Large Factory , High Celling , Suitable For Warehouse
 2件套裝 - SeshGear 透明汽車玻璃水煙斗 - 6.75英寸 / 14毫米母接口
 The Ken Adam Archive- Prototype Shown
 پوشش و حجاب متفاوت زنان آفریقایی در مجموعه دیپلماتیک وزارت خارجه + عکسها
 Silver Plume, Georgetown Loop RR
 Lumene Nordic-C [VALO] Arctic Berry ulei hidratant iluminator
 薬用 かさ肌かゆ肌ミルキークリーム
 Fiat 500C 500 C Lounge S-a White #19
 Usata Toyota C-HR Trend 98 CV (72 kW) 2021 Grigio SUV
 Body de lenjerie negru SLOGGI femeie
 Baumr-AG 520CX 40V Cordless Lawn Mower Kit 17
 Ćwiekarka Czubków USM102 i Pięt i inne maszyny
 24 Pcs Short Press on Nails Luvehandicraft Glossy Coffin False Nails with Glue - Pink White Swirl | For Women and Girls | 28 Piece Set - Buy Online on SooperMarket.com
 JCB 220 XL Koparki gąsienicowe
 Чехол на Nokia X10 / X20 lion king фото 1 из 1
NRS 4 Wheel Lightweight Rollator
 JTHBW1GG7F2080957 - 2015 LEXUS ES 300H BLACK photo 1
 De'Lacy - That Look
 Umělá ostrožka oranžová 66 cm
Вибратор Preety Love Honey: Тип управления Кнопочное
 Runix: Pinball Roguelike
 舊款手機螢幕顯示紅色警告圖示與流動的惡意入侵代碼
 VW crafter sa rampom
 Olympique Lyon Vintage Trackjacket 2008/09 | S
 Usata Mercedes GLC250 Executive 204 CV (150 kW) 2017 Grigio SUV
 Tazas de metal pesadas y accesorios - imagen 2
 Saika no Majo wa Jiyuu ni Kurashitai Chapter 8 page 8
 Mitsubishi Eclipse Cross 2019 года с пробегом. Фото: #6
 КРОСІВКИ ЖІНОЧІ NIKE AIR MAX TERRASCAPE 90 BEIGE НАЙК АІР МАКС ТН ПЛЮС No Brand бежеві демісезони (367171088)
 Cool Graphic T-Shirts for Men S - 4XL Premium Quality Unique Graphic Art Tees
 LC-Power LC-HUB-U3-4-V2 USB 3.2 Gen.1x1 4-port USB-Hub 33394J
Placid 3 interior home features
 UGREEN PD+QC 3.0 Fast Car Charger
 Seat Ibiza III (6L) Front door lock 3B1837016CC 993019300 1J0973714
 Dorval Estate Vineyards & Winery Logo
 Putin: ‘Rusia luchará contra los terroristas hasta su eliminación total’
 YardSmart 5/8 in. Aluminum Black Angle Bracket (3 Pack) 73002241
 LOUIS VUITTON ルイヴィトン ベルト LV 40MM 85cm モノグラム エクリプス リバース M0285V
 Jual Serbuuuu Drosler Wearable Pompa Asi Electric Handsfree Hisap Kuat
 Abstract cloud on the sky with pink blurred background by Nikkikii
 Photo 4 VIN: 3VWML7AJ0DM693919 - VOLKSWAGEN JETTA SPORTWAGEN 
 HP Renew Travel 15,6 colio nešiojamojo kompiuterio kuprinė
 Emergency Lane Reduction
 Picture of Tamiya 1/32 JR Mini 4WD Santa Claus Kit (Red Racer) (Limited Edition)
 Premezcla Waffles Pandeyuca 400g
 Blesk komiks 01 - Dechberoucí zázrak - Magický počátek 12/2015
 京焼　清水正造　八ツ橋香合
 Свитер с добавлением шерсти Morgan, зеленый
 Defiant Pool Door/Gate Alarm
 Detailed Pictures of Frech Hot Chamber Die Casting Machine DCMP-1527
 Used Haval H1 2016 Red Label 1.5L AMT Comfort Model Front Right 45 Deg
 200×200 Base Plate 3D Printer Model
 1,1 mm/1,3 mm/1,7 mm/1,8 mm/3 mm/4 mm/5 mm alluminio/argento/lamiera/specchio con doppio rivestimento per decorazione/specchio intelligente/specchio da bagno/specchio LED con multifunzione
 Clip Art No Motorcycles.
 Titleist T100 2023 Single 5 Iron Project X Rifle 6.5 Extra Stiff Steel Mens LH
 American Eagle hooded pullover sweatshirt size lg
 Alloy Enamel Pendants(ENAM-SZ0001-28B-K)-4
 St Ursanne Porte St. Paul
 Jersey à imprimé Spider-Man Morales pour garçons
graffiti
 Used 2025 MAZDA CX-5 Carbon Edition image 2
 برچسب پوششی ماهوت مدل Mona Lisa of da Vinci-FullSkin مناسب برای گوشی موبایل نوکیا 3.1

Task to carry out → I would like you to report every line in the listing above that contains "Usata".

Your response →
 Usata Toyota C-HR Trend 98 CV (72 kW) 2021 Grigio SUV
 Usata Mercedes GLC250 Executive 204 CV (150 kW) 2017 Grigio SUV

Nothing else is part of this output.